Collected data
════
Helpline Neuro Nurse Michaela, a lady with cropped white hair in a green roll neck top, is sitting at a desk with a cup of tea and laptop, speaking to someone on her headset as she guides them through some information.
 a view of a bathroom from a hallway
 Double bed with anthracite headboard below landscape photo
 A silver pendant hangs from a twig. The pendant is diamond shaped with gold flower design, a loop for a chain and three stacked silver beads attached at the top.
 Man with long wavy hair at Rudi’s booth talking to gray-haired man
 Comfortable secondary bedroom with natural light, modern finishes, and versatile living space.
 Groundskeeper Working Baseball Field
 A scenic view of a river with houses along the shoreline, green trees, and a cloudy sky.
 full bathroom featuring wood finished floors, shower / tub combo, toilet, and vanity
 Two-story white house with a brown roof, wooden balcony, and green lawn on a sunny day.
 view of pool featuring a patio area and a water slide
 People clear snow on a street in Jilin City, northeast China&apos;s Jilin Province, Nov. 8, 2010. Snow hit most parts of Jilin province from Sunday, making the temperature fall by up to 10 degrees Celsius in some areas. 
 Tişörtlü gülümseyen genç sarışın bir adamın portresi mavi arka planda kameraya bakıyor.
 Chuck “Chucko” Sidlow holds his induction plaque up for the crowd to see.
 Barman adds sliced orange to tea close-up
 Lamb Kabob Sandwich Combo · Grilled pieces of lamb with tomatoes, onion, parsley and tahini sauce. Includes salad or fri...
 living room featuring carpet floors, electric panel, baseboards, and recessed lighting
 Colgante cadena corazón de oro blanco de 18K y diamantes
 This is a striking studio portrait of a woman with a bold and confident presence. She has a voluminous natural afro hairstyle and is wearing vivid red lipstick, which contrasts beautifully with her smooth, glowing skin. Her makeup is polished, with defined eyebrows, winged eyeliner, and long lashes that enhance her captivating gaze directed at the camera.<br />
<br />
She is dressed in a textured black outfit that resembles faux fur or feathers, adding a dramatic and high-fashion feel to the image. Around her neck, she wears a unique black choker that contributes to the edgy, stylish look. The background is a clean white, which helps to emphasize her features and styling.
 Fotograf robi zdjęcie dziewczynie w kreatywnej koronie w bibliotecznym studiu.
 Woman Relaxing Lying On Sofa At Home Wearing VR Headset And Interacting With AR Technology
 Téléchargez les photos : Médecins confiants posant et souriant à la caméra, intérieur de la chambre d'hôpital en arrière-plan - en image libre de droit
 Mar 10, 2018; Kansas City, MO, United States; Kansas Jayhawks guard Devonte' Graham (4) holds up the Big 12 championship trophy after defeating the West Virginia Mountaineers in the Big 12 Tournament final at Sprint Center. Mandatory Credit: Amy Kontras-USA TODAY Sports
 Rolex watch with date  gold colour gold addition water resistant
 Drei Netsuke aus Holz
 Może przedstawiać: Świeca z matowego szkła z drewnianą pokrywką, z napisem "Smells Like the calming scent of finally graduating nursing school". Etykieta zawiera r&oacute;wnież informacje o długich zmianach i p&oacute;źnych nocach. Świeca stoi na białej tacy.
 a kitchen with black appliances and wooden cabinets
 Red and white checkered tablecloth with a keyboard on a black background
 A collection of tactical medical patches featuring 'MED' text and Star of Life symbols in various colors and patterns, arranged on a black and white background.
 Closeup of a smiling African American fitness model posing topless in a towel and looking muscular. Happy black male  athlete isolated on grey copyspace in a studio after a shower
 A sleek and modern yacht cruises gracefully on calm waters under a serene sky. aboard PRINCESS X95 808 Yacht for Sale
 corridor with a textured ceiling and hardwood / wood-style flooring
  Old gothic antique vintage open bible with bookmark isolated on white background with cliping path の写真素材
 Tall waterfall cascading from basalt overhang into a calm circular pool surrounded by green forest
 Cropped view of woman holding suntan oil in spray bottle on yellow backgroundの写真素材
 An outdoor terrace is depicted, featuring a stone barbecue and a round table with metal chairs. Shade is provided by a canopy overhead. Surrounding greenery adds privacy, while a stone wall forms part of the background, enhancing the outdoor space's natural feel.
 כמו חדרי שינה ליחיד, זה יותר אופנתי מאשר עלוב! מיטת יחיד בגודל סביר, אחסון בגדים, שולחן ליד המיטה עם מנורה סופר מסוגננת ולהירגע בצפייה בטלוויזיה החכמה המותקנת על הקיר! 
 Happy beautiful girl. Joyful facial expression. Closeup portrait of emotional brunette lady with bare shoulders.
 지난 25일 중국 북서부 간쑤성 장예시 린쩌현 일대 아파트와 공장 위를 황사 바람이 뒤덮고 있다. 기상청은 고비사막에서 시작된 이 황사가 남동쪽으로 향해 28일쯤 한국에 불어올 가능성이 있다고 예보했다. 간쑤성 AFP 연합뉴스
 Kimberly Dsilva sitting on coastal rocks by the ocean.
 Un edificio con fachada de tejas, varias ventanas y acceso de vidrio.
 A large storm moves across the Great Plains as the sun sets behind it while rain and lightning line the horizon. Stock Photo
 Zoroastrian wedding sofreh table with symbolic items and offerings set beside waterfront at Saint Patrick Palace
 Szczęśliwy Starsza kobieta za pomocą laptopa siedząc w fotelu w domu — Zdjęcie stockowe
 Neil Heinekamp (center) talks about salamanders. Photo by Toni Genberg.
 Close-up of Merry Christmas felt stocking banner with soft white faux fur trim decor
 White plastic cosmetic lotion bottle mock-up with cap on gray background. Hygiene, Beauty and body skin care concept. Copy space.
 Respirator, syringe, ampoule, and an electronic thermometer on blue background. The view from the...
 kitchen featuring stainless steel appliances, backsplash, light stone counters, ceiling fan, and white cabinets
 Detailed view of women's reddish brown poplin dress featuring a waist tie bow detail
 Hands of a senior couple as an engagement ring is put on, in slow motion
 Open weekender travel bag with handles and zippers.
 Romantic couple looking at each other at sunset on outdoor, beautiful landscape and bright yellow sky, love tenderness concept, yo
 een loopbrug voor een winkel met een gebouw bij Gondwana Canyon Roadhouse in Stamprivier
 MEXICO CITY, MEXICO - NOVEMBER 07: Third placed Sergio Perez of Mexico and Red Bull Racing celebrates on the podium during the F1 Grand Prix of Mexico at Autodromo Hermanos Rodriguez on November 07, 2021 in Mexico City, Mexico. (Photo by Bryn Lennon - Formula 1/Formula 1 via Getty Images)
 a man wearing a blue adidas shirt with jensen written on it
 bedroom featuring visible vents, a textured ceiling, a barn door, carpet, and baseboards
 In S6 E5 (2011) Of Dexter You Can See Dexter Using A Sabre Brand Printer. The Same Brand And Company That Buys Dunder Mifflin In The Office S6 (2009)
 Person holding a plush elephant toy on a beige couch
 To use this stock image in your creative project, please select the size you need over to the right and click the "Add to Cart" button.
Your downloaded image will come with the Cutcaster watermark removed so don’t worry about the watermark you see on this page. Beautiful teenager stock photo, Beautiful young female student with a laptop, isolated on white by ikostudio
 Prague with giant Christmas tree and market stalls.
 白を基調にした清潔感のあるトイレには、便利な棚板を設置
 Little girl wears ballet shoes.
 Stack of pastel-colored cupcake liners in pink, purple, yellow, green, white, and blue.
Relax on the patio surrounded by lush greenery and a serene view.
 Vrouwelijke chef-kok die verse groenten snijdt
════
#### [EXERCISE INSTRUCTIONS]
Could you transcribe the entries above word for word, from the line with "full bathroom featuring" down to the line with "Téléchargez les photos", keeping both?

#### [YOUR SOLUTION]
 full bathroom featuring wood finished floors, shower / tub combo, toilet, and vanity
 Two-story white house with a brown roof, wooden balcony, and green lawn on a sunny day.
 view of pool featuring a patio area and a water slide
 People clear snow on a street in Jilin City, northeast China&apos;s Jilin Province, Nov. 8, 2010. Snow hit most parts of Jilin province from Sunday, making the temperature fall by up to 10 degrees Celsius in some areas. 
 Tişörtlü gülümseyen genç sarışın bir adamın portresi mavi arka planda kameraya bakıyor.
 Chuck “Chucko” Sidlow holds his induction plaque up for the crowd to see.
 Barman adds sliced orange to tea close-up
 Lamb Kabob Sandwich Combo · Grilled pieces of lamb with tomatoes, onion, parsley and tahini sauce. Includes salad or fri...
 living room featuring carpet floors, electric panel, baseboards, and recessed lighting
 Colgante cadena corazón de oro blanco de 18K y diamantes
 This is a striking studio portrait of a woman with a bold and confident presence. She has a voluminous natural afro hairstyle and is wearing vivid red lipstick, which contrasts beautifully with her smooth, glowing skin. Her makeup is polished, with defined eyebrows, winged eyeliner, and long lashes that enhance her captivating gaze directed at the camera.<br />
<br />
She is dressed in a textured black outfit that resembles faux fur or feathers, adding a dramatic and high-fashion feel to the image. Around her neck, she wears a unique black choker that contributes to the edgy, stylish look. The background is a clean white, which helps to emphasize her features and styling.
 Fotograf robi zdjęcie dziewczynie w kreatywnej koronie w bibliotecznym studiu.
 Woman Relaxing Lying On Sofa At Home Wearing VR Headset And Interacting With AR Technology
 Téléchargez les photos : Médecins confiants posant et souriant à la caméra, intérieur de la chambre d'hôpital en arrière-plan - en image libre de droit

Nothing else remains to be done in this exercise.